- [Your objective]
Among the entries that follow, count the lines that contain the word "Business" and say how many there are, writing nothing else.

- [Task input]
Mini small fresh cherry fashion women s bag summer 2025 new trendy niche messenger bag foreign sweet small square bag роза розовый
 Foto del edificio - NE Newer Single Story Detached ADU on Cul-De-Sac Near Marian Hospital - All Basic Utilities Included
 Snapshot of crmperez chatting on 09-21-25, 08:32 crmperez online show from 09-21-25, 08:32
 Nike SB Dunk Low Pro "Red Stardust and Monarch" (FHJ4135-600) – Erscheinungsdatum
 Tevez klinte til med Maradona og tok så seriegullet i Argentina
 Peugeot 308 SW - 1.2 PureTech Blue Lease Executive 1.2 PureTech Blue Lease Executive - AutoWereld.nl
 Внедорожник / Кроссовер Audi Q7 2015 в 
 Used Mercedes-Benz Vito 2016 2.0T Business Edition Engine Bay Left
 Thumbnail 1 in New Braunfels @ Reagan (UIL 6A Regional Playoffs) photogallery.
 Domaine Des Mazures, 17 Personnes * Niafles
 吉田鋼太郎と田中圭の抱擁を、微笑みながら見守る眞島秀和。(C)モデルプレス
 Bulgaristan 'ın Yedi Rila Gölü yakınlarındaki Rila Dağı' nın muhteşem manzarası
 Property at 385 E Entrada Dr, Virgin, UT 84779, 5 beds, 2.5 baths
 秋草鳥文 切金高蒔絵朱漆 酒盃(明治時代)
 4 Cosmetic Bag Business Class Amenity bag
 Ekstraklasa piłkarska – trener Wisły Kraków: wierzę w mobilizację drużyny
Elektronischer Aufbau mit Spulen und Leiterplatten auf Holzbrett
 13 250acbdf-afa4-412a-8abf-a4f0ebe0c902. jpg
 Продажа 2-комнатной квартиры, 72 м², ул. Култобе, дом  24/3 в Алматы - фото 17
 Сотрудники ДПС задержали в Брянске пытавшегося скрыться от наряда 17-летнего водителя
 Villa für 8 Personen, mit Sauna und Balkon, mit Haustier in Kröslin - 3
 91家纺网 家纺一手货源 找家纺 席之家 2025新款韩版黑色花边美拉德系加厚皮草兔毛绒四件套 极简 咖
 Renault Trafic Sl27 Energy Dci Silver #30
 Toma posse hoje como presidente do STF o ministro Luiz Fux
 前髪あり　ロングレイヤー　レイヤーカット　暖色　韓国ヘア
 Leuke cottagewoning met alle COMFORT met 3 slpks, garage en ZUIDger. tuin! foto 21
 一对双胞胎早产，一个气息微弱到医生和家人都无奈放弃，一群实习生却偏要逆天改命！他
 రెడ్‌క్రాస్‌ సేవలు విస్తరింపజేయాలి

- [Answer box]
2